• What you should do:
Output only the entries, exactly as given, without the pictures.

• Records for the task:
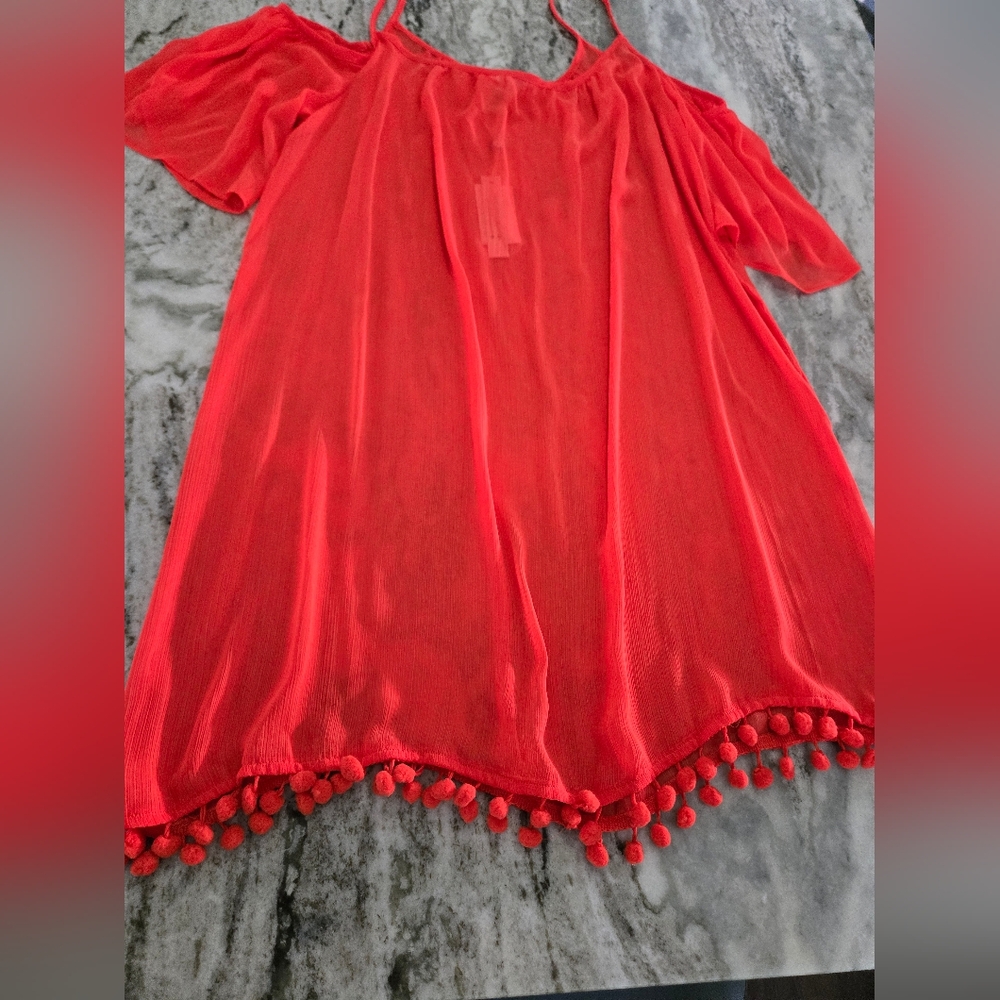 Women's Red Off-Shoulder Swin Coverup NWT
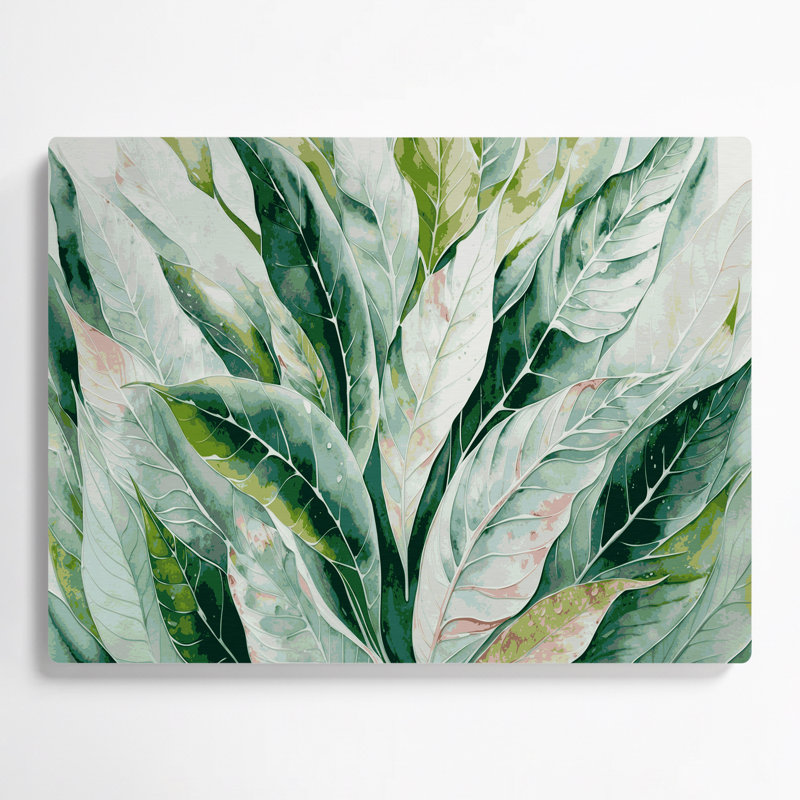 Art mural en métal Botanical Aglaonema, H 240 po x l 288 po x P 0,05 po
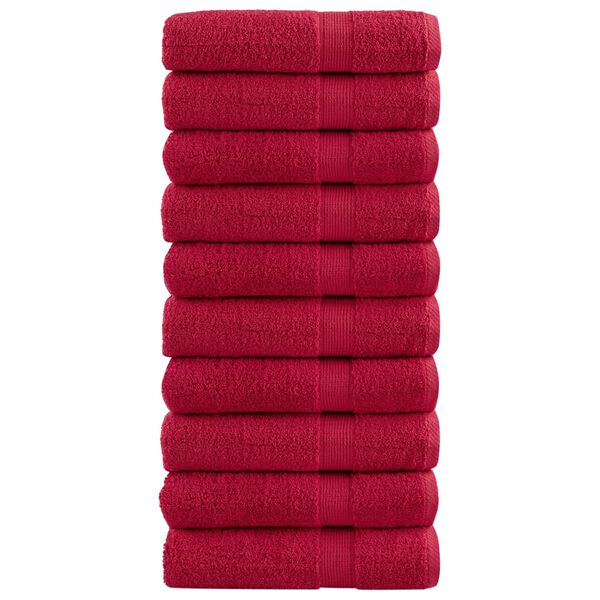 vidaXL Asciugamani da bagno Premium SOLUND 10 pz Rosso 100x150 cm 600 g/m&sup2;
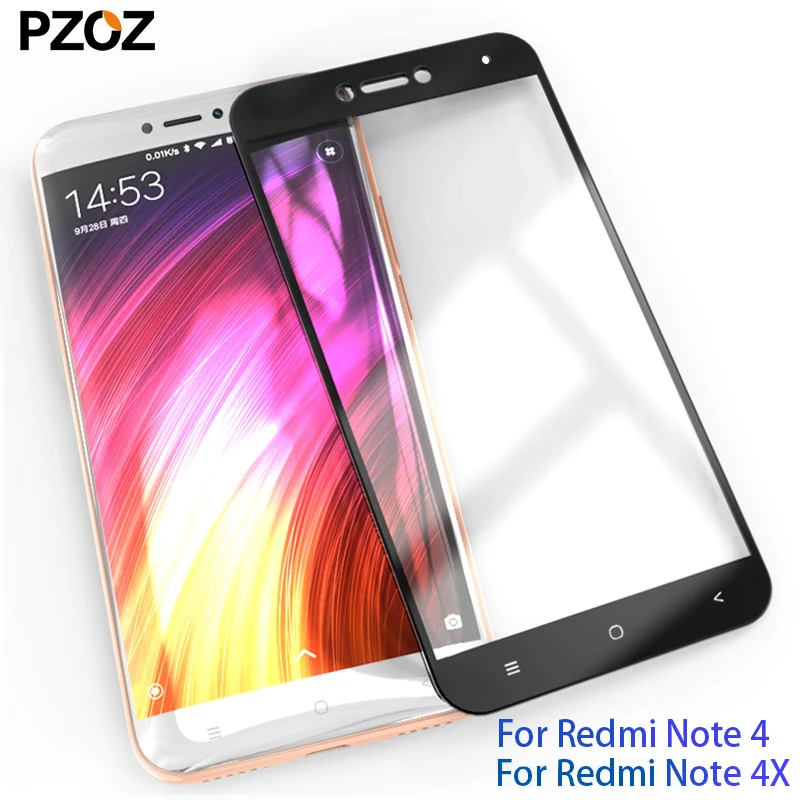 Защитное стекло PZOZ для xiaomi redmi note 4x закаленное 2.5D с полным покрытием 4 pro|screen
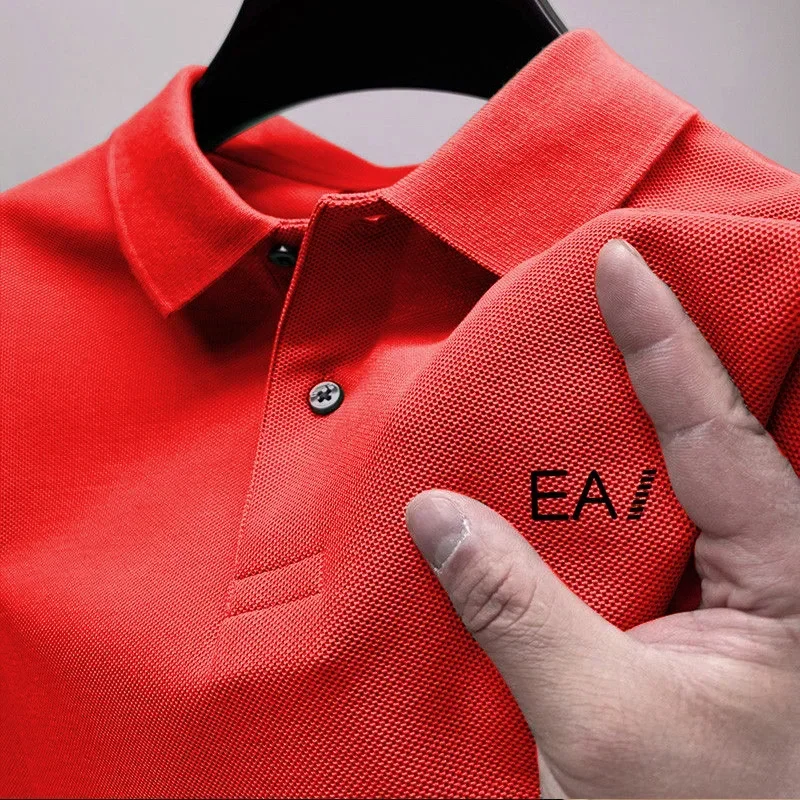 Men's Business Casual T-Shirt - Breathable and stylish sports casual top with printed design - High-quality short-sleeved summer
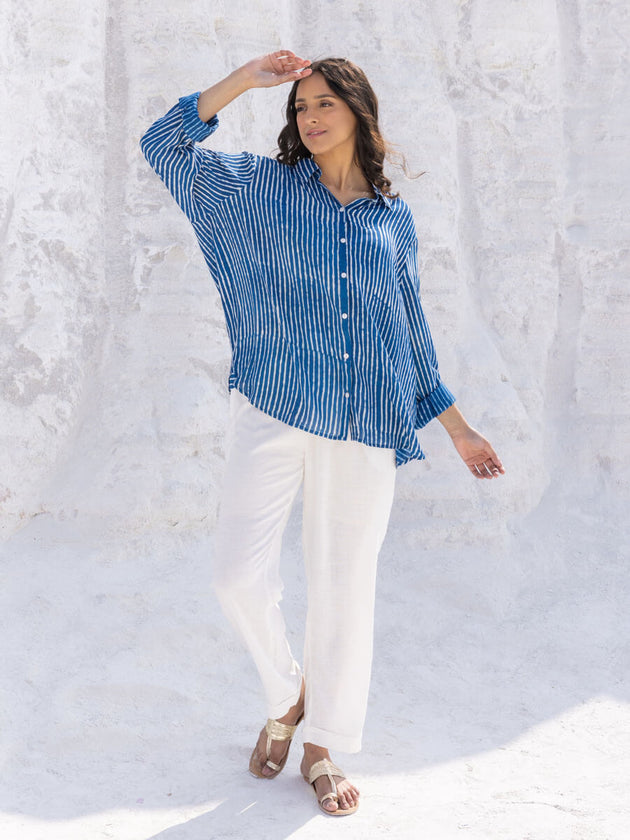 Indigo Stripes Modal Shirt - Pinklay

• Response box:
 Women's Red Off-Shoulder Swin Coverup NWT
 Art mural en métal Botanical Aglaonema, H 240 po x l 288 po x P 0,05 po
 vidaXL Asciugamani da bagno Premium SOLUND 10 pz Rosso 100x150 cm 600 g/m&sup2;
 Защитное стекло PZOZ для xiaomi redmi note 4x закаленное 2.5D с полным покрытием 4 pro|screen
 Men's Business Casual T-Shirt - Breathable and stylish sports casual top with printed design - High-quality short-sleeved summer
 Indigo Stripes Modal Shirt - Pinklay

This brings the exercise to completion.